Ist der Kaufpreis für die Immobilie fair?

 

Lage, Grösse, Ausbaustandard und Ausstattung sind einige der Faktoren, die den Wert einer Immobilie beeinflussen. Käufer können oft nur schwer einschätzen, ob ein verlangter Kaufpreis gerechtfertigt ist.

Klarheit über einen Kaufpreis bringt eine aktuelle Verkehrswertschätzung der Immobilie. Die beiden gebräuchlichsten und bewährtesten Bewertungsmethoden für Wohneigentum sind die Substanzwertmethode und die hedonische Bewertungsmethode.

 

Bei der klassischen Substanzwertmethode besichtigt ein Immobilienschätzer das Objekt. Für eine solche Schätzung wird in der Regel ein Honorar von 1'000 bis 2'000 Franken verlangt.

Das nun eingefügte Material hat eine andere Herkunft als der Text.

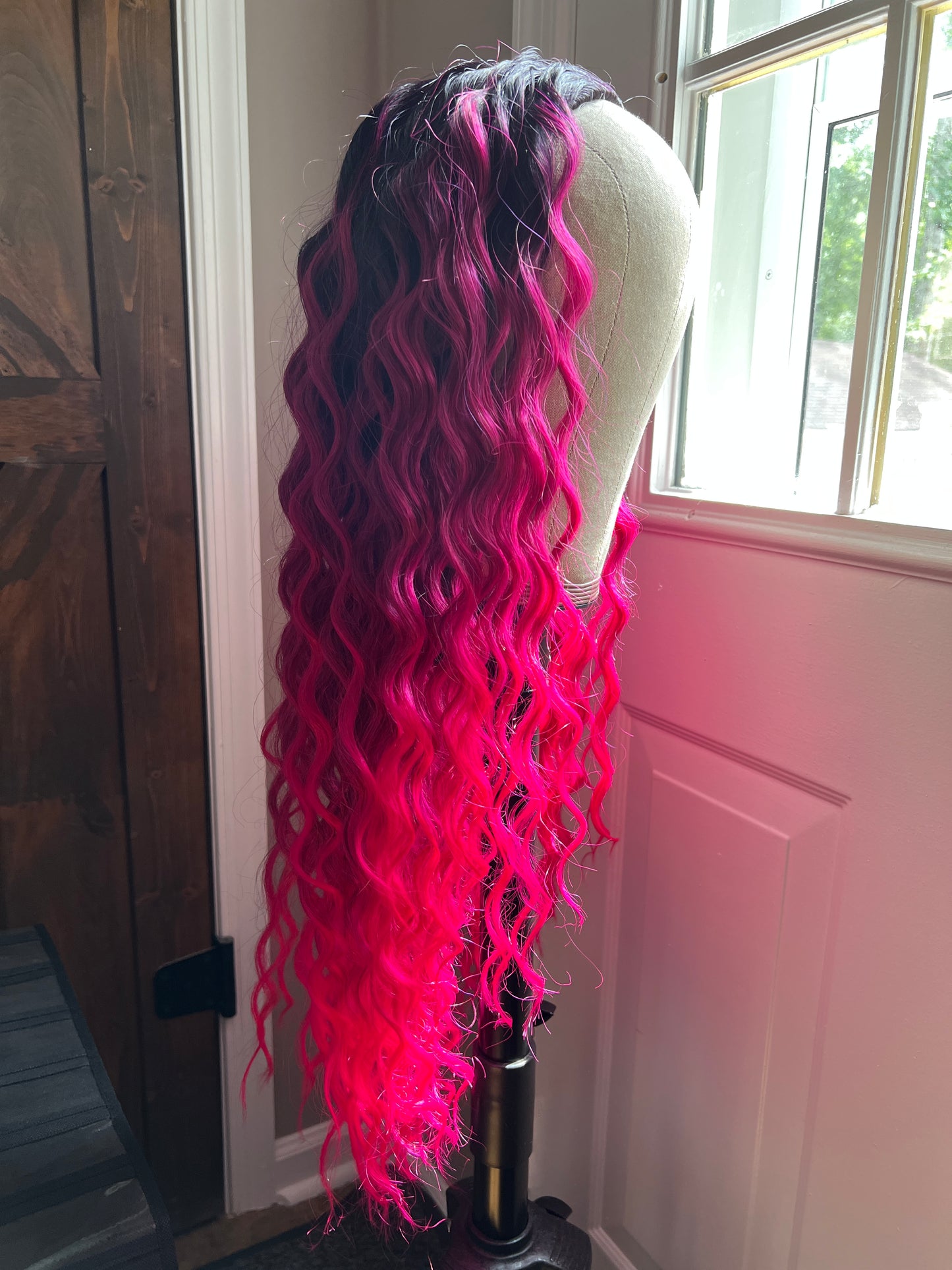 RIA - HALF WIG - Dark root hot pink loose wave synthetic wig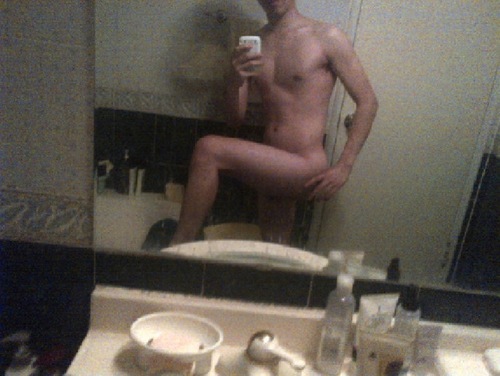 bigtroyy's profile picture. 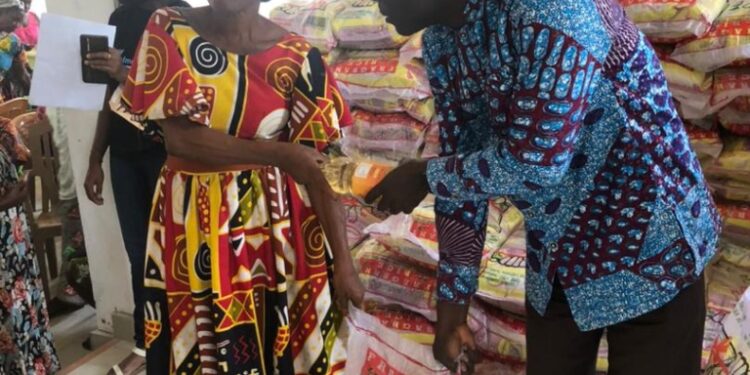 SAMETROO Company fetes widows in Tarkwa in the spirit of Christmas 1 sametroo company fetes widows in tarkwa in the spirit of christmas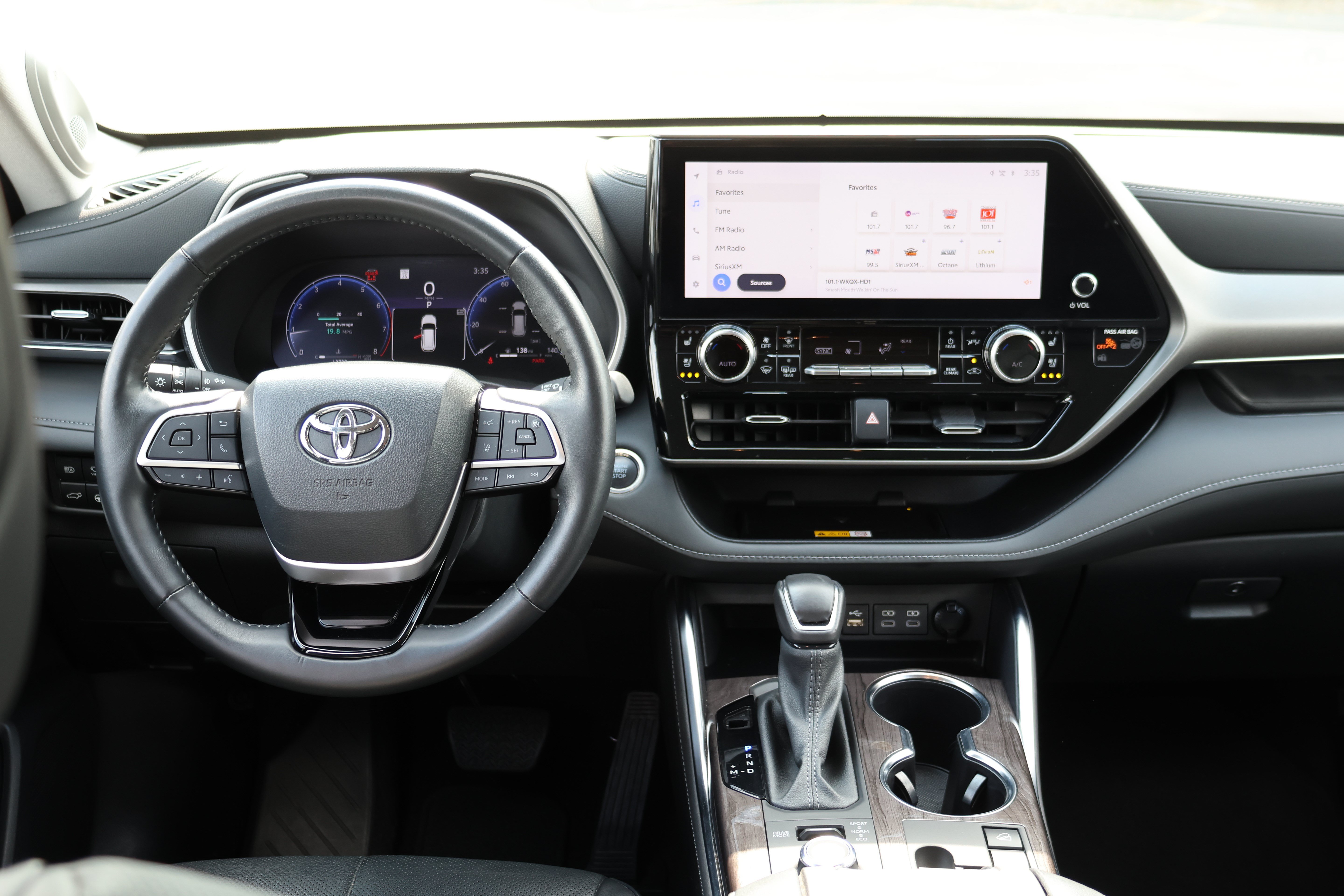 Certified 2024 Toyota Highlander Limited AWD/4WD image 37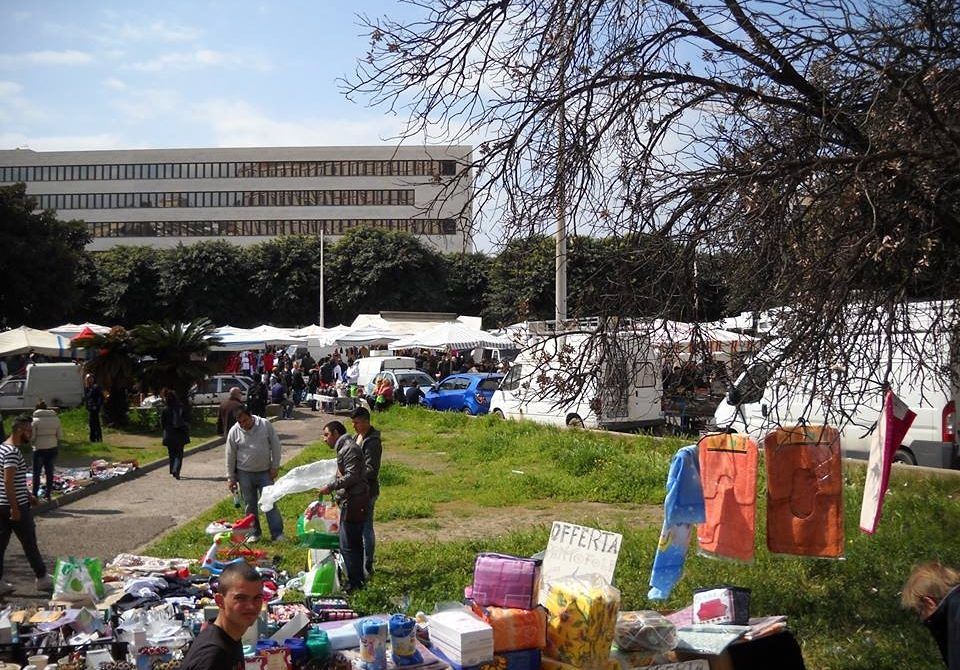 Cagliari, ecco la soluzione: il mercatino domenicale sarà trasferito in via Simeto
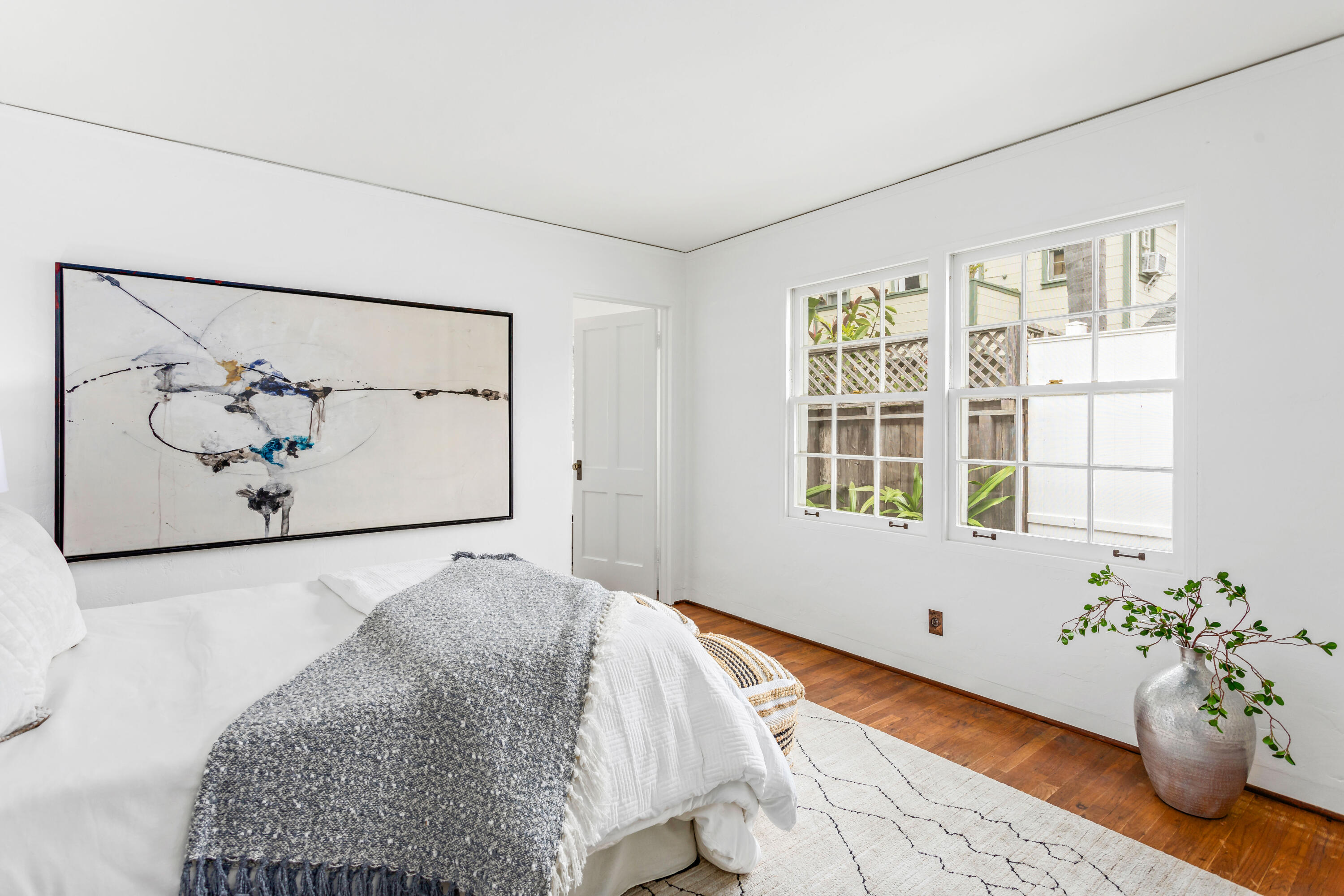 Santa Barbara, California 93101, United States, 3 Bedrooms Bedrooms, ,1 BathroomBathrooms,Residential,Active,152338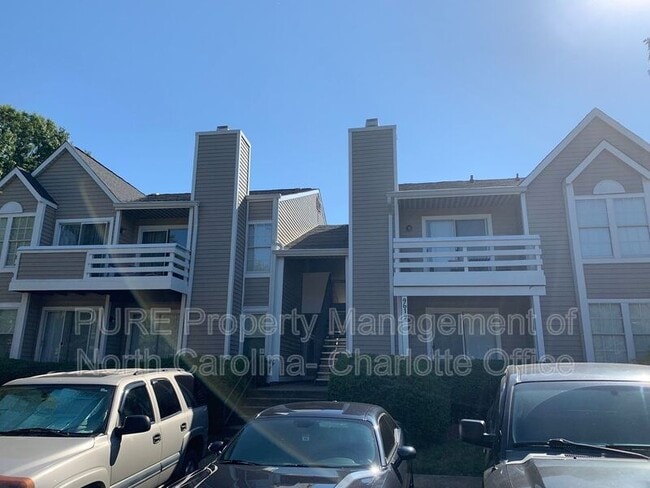 property at 9619 Vinca Cir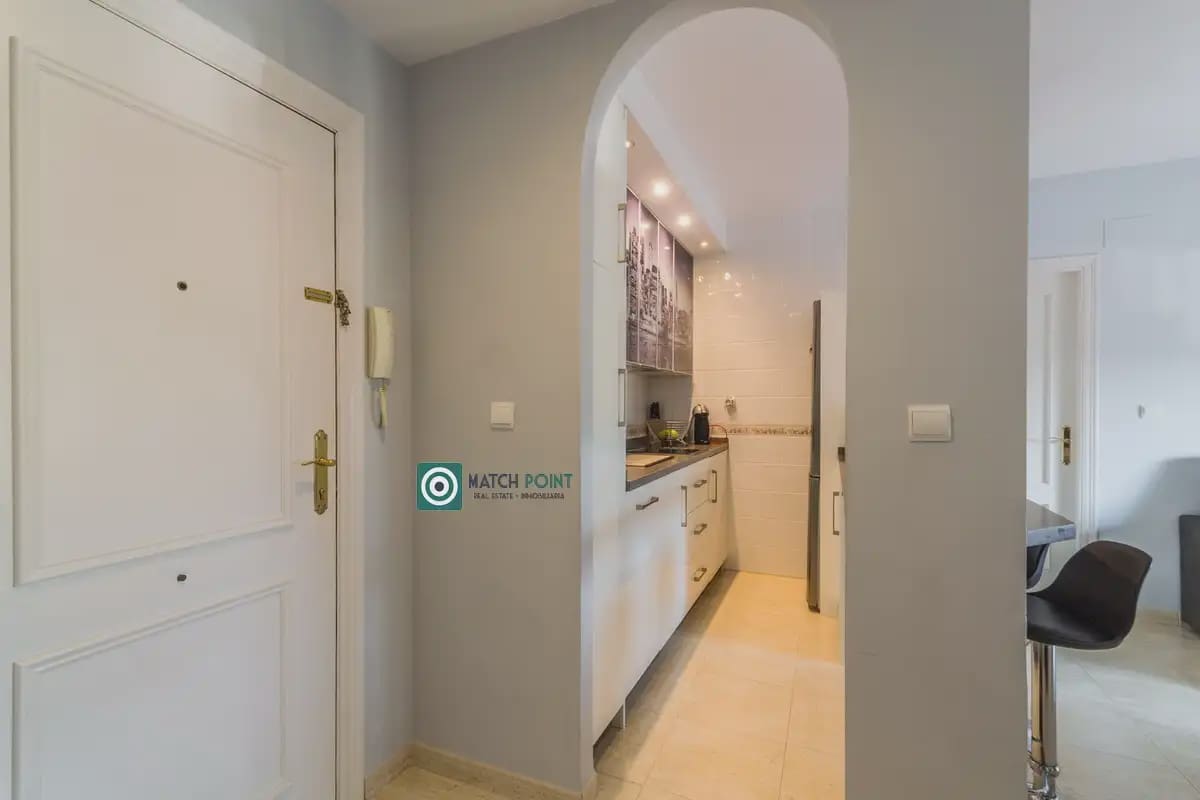 2 bedroom Flat for rent in Almunecar with pool garage - € 800 (Ref: 10091480)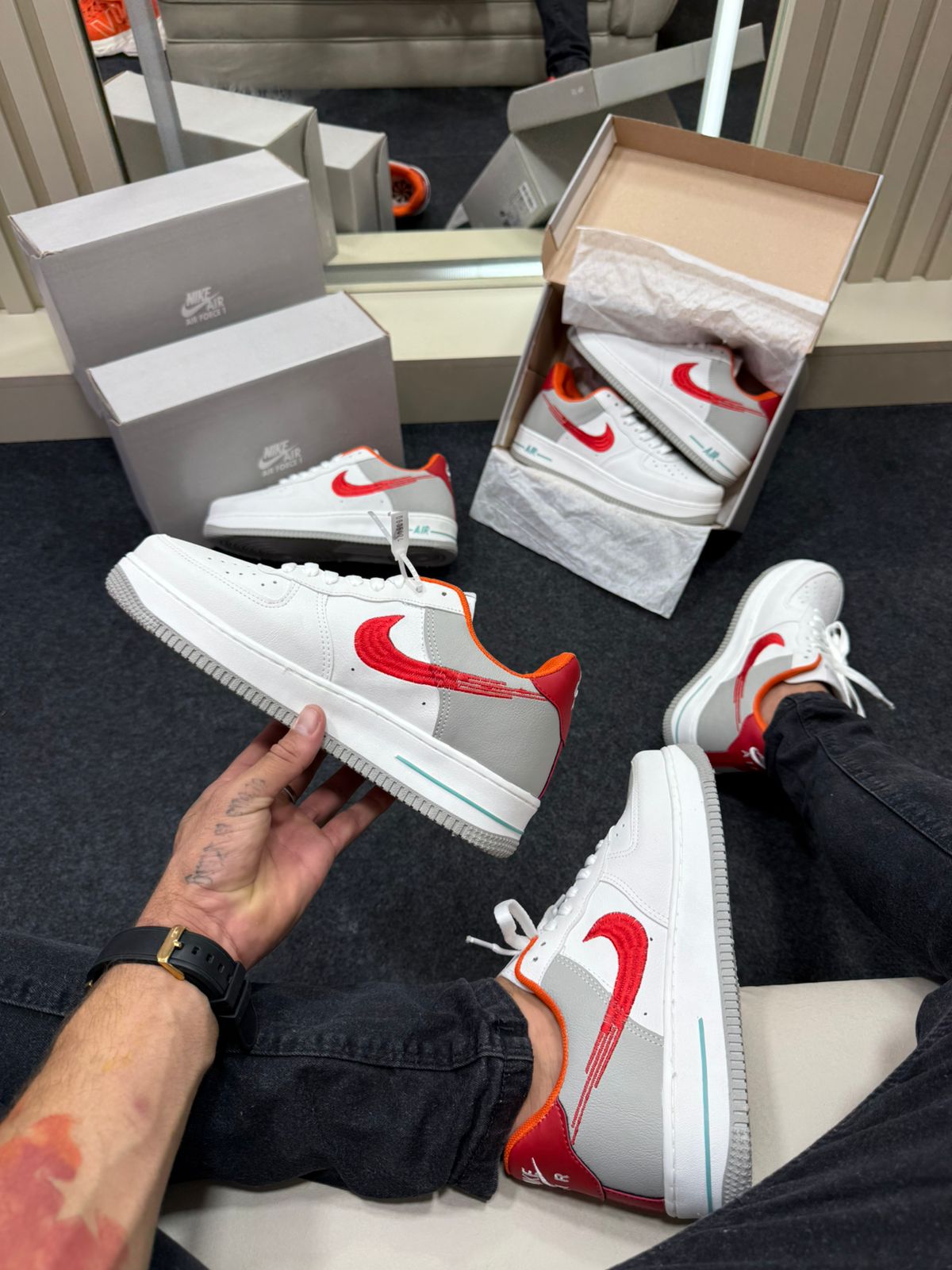 Air Force 1 Premium Branco Vermelho Laranja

Die hedonische Methode erfordert keine Besichtigung des Objekts: Der Wert der Liegenschaft wird aufgrund der Handänderungen vergleichbarer Objekte statistisch hergeleitet. Die Schätzung stützt sich auf die Daten von Verkäufen vergleichbarer Immobilien in den letzten 12 Monaten. Deshalb sind hedonische Schätzungen näher am tatsächlichen Marktwert. Zudem sind sie mit Kosten von 300 bis 500 Franken wesentlich günstiger.

Wertsteigerungspotenzial kennen

Eine Verkehrswertschätzung ist auch für Immobilienbesitzer interessant, die das Wertsteigerungspotenzial ihrer Liegenschaft kennen möchten. Lohnt es sich zum Beispiel, in das Haus zu investieren, um es danach mit höherem Gewinn zu verkaufen?

Auch Eigentümer, die die Finanzierung ihrer Liegenschaft überprüfen oder die Konditionen mit der Bank neu aushandeln möchten, sollten den Marktwert kennen. Und schliesslich kann eine Neueinschätzung auch einfach aufzeigen, wie sich die Preise in den Jahren seit dem Kauf der Liegenschaft entwickelt haben.